Implementing all this would be a huge agenda. The aspirations would find a good deal of common agreement across the political spectrum but get down to detail and it is another story. There’s a reason why many good ideas have languished – adoption is painful and/or strongly resisted by vested interests.
Morrison - who knows it’s important to jawbone in this time of hiatus rather than leaving a vacuum in the debate - said he wanted to “harvest” ideas. In other words, in a policy sense, we’re at a fresh start.
There’s more than one way of looking at what Morrison is doing.
Primarily, the government is driven by necessity. It will have to make a dash for growth and is desperately searching for ways to achieve this.
Secondly, Morrison sees an opportunity to be a reformer who leaves a mark, a chance to push changes that would be inconceivable in normal circumstances.
As part of this, the times might allow him - if he wished - to crash through some internal party road blocks, notably on the issue of climate change. Critical in itself, that could be useful electorally.
Morrison highlighted a Productivity Commission report he commissioned as treasurer, titled Shifting the Dial: 5 Year Productivity Review, which put forward a sweeping set of recommendations.
The commission emphasised the importance of the Council of Australian Governments (COAG) restoring “its role as a vehicle for economic and social reform” saying “the scope for the vital big reforms will require commitment to a joint reform agenda by all jurisdictions”.
The national cabinet (COAG wearing another hat and slimmed-down clothes) has worked extremely well during the pandemic. A key has been its juggling of unity and disunity. Disagreements between the Commonwealth and states have been part of the process, but they’ve been accommodated rather than turning into divisive public slanging matches.

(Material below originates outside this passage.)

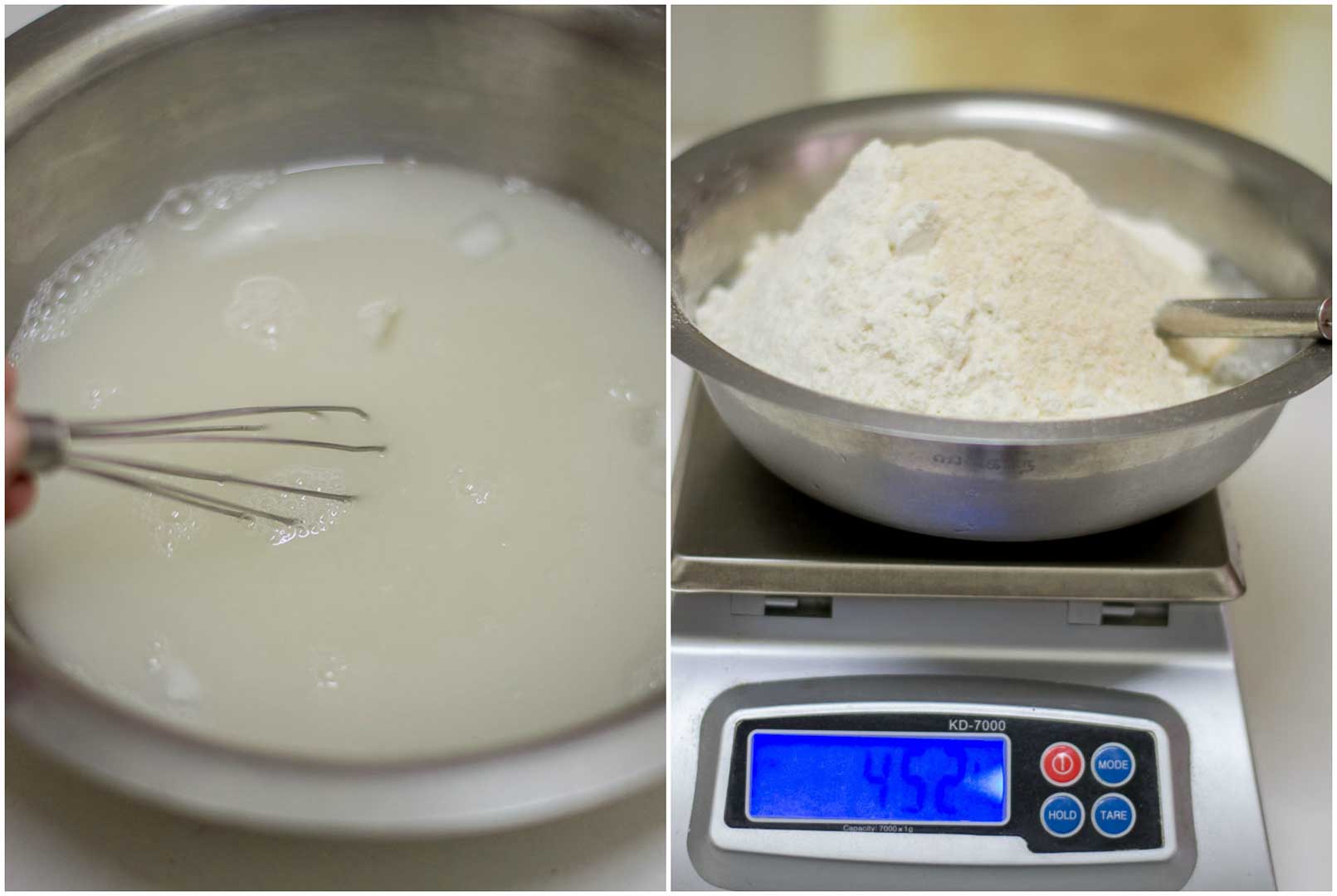New-York-Style-Pizza-Dough-Recipe-4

Read more: View from The Hill: Government needs credible pitch and strong guarantees to get app take-up
For an effective reform agenda some of the national cabinet’s spirit needs to be retained, although it is pie in the sky to think the same level of co-operation as we’re seeing would continue in dealings across a broad range of issues where there’d be differing interests and views.
The first big test of Morrison’s post-COVID-19 economic strategy will be the October budget. If he’s serious about reform, much will have to be piled into that document.
If this is done, it would be the first comprehensive “reform” budget since 2014. And we all remember what happened then.
A feature of big reform programs is they have winners and losers. Without a lot of money to throw around in compensation (and that’s unlikely to be available), some or many people would be unhappy, and vociferous.
“Reform” is great unless you are one of those who is run over by it.
An unknown is how the mood of the Australian public will be in another few months.
So far, the government has carried people along with the harsh measures required in tough times. Opinion polling indicates Australians believe the government has handled the pandemic well – as it has. (In this context it will be interesting to see whether it can segue this trust into take-up of its proposed tracing app.)
It will however, be a big jump to securing support for the ambitious economic reform measures Morrison is hinting at for the recovery phase.
The federal opposition has for some time been moving back to a more contested political debate. One issue of contention in coming months is likely to be that while Morrison wants a heavily business-led recovery the opposition sees a bigger role for the government, which has been highly interventionist during the crisis.
Anthony Albanese will face some sharp choices in dealing with the Morrison reform agenda. It will be replete with opportunities for Labor to exploit its many pinch points. On the flip side, depending on the public mood, Albanese will need to be careful to avoid looking like a leader stuck in pre-COVID thinking.